Bearing in mind the AWS temps aren’t used until it became the primary instrument in 1996, below are years : frequency pa / C average in relevant percentile / average number of rainfall days pa …
90th percentile (38.1C +)
1986-1995 : 43.7pa / 39.8C / 42.1pa
1997-2006 : 46.6pa / 39.8C / 45.7pa
95th percentile (39.6C+)
1986-1995 : 21.9pa / 40.9C / 42.1pa
1997-2006 : 23.6pa / 40.9C / 45.7pa
99th percentile (41.8C+)
1986-1995 : 5.3pa / 42.5C / 42.1pa
1997-2006 : 4.9pa / 42.7C / 45.7pa
The post probe frequency may be slightly dampened by the extra 3.6 days of rainfall each year in 1997-2006. However, the replacement probe installed in 2011 had an obvious effect on extreme percentile temperature frequency …
90th percentile
2001-2010 : 45.3pa / 39.8C/ 40.9pa
2012-2021 : 60.7pa / 40.1C / 35.2pa
95th percentile
2001-2010 : 23.5pa / 40.8C / 40.9pa
2012-2021 : 33.6pa / 41.2C / 35.2pa
99th percentile
2001-2010 : 4.4pa / 42.5C / 40.9pa
2012-2021 : 11.7pa / 42.9C / 35.2pa
If you remove the very wet 2010 (76 days rainfall), 2001-2010 averaged 37.0 days pa rainfall.
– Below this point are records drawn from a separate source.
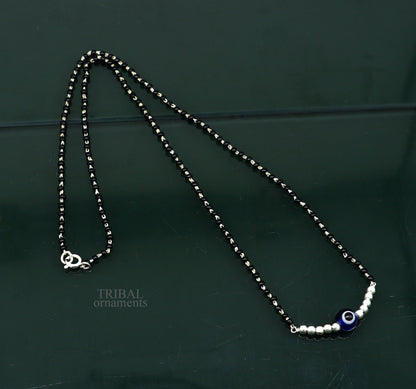 925 sterling silver black beads chain necklace with a small evil eye pendant, featuring traditional beaded design and intricate craftsmanship.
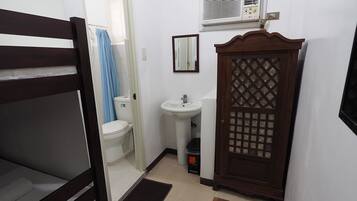 A compact room with a bunk bed, a small sink, a toilet, and a wardrobe with a lattice design.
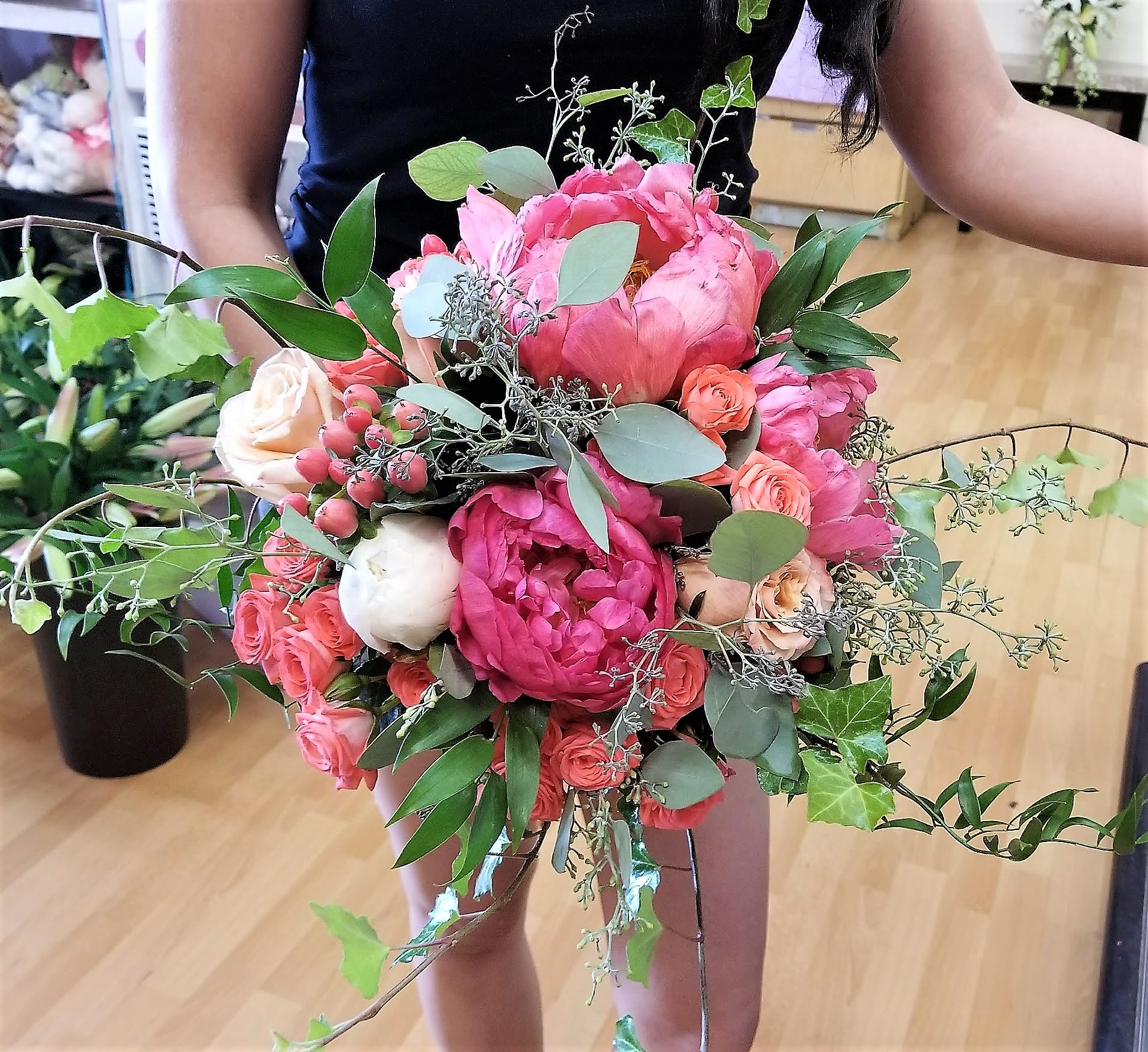 Handheld bouquet of pink peonies and roses with greenery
If you remove the very dry 2019 (15 days rainfall), 2012-2021 averaged 37.4 days pa rainfall. i.e. the frequency of rainfall days is essentially the same in 2001-2010 and 2012-2021.
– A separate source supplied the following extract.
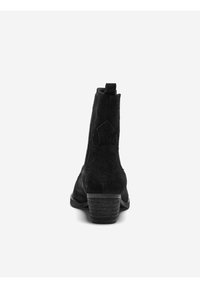 Bottine en daim noir avec un talon bas empilé, dotée d'une sangle de tirage et d'une couture décorative à l'arrière. Doublure intérieure lisse.
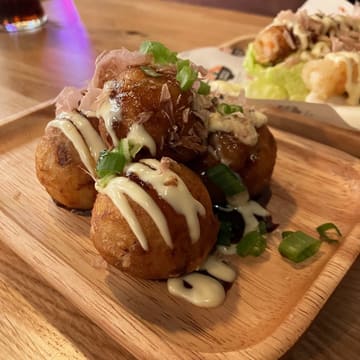 A close-up, high-quality shot of a serving of takoyaki on a wooden tray, topped with bonito flakes, mayonnaise, and green onions. The background is softly blurred, showing hints of other dishes and the restaurant environment.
Mind you, Nick Stokes has already reinforced the point that the 2011 replacement probe boosted extremes through his list at https://wattsupwiththat.com/2023/02/15/hyping-maximum-temperatures-part-6/ showing the number of 40C+ days at Alice Springs from 2001 to 2022, with 2001-2010 averaging 16.3 pa and 2012-2022 averaging 26.8 pa – a 64.4% increase.
If of interest, I estimate a whopping seven days of temp observation missing at Alice Springs from 1990 to 2022.
As for Bill (again) trying to discredit Professor Marohasy in this post, it’s nonsensical to be criticising research that supports your own contentions about rapid-sampling AWS probe sensitivity that exaggerates the frequency of extremes.
She’s seeking parallel thermometer data at 38 weather stations for comparison with AWS observations. Parallel recordings are a different issue to extreme temperature frequency, but the latter would be worth comparing if both datasets were made available.
Unless you believe climate change is indeed a crisis (aka Nick) maybe it’s worth supporting such an endeavour as well as the reports currently being prepared that provide strong evidence that AWS probes have influenced both average temperatures and the number of “record” extremes in Australia over the past 20 to 30 years.
Terms such as “toxic girlie stuff” and “back-stabbing” are simply personal abuse that detracts from any objective criticism of the data we’re presenting, and reflect why the mentioned group decided to no longer include you.